In [112]:
import os 
from tqdm import tqdm
import numpy as np
import pandas as pd

import torch
import torch.nn as nn
import torch.functional as F
import torch.utils.data as data

from metal import EndModel
from preprocess import NlpProcess

from pytorch_pretrained_bert import BertTokenizer, BertModel, BertForMaskedLM

### Goal: run standard MeTaL (single-task) EndModel for QNLI ranking task. 

### Preprocess data

In [166]:
class BertDataset(data.Dataset):
    def __init__(self, src_path, tokenizer):
        super(BertDataset, self).__init__()
        self.src_path = src_path
        self.tokenizer = tokenizer
        self.raw_data = None
        self.tokens = None
        self.segments = None
        self.labels = None
        
    def __getitem__(self, index):
        return (self.tokens[index], self.segments[index]), self.labels[index]
    
    def __len__(self):
        return self.raw_data.shape[0]

    def load_data(self):
        self.raw_data = pd.read_csv(
            self.src_path, sep='\t', header=0,
            index_col=0, error_bad_lines=False, warn_bad_lines=False
        )
        if 'label' not in self.raw_data.columns:
            # add dummy column to match data input format
            self.raw_data['label'] = ['entailment'] * self.__len__()
    
    def preprocess_data(self):
        raise NotImplementedError
            
class QNLIDataset(BertDataset):
    def __init__(self, src_path, tokenizer):
        super(QNLIDataset, self).__init__(src_path, tokenizer)

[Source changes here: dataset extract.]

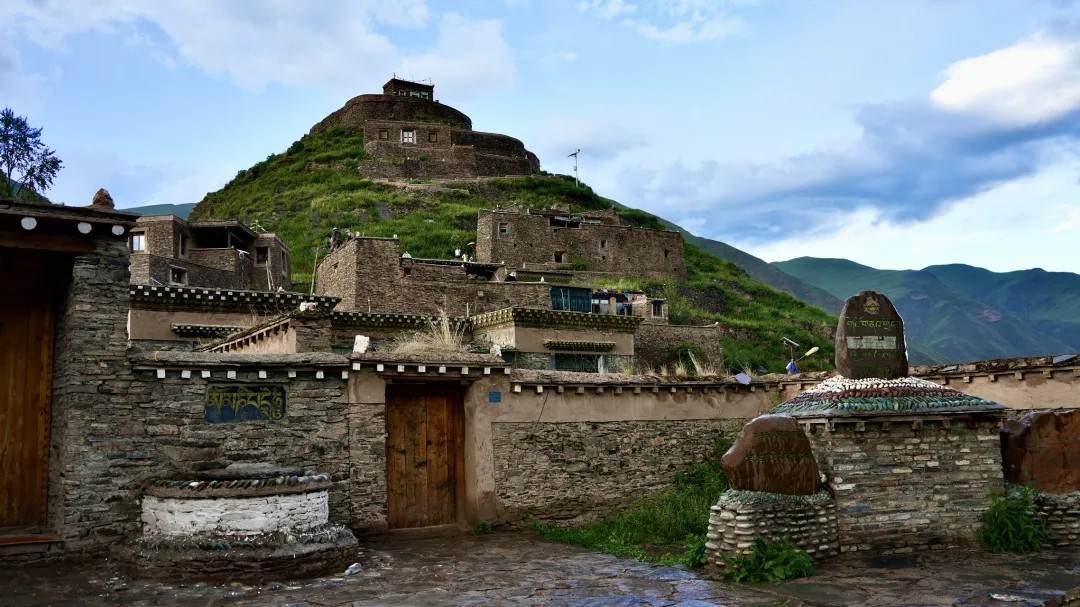 ཡུས་ཧྲུའུ་ཁྲི་འདུའི་བོད་ཀྱི་གནའ་གྲོང་གི་མཛེས་ཉམས།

    def preprocess_data(self):
        tokens_indices = []
        segments = []
        #for i, row in tqdm(data.iterrows()):
        for i, row in tqdm(list(self.raw_data.iterrows())[:1]):
            question = row.question
            sentence = row.sentence
            tokenized_question = self.tokenizer.tokenize(question)
            tokenized_sentence = self.tokenizer.tokenize(sentence)
            tokenized_text = tokenized_question + ['[SEP]'] + tokenized_sentence
            tokens_indices.append(self.tokenizer.convert_tokens_to_ids(tokenized_text))
            segments.append(([0] * (len(tokenized_question)+1)) + ([1] * len(tokenized_sentence)))
            y_train[i, 0] = 1*(self.raw_data.label[i]=='entailment')
            y_train[i, 1] = 1*(self.raw_data.label[i]=='not_entailment')
        self.labels = labels
        self.tokens = tokens_indices
        self.segments = segments

In [185]:
def collate_fn(batch, max_len=-1):
    batch_size = len(batch)
    max_sent_len = int(np.max([len(x) for x in batch]))
    if max_len > 0 and max_len < max_sent_len:
        max_sent_len = max_len
    if type == "float":
        idx_matrix = np.zeros((batch_size, max_sent_len), dtype=np.float32)
        seg_matrix = np.zeros((batch_size, max_sent_len), dtype=np.float32)
        
    else:
        idx_matrix = np.zeros((batch_size, max_sent_len), dtype=np.int)
        seg_matrix = np.zeros((batch_size, max_sent_len), dtype=np.float32)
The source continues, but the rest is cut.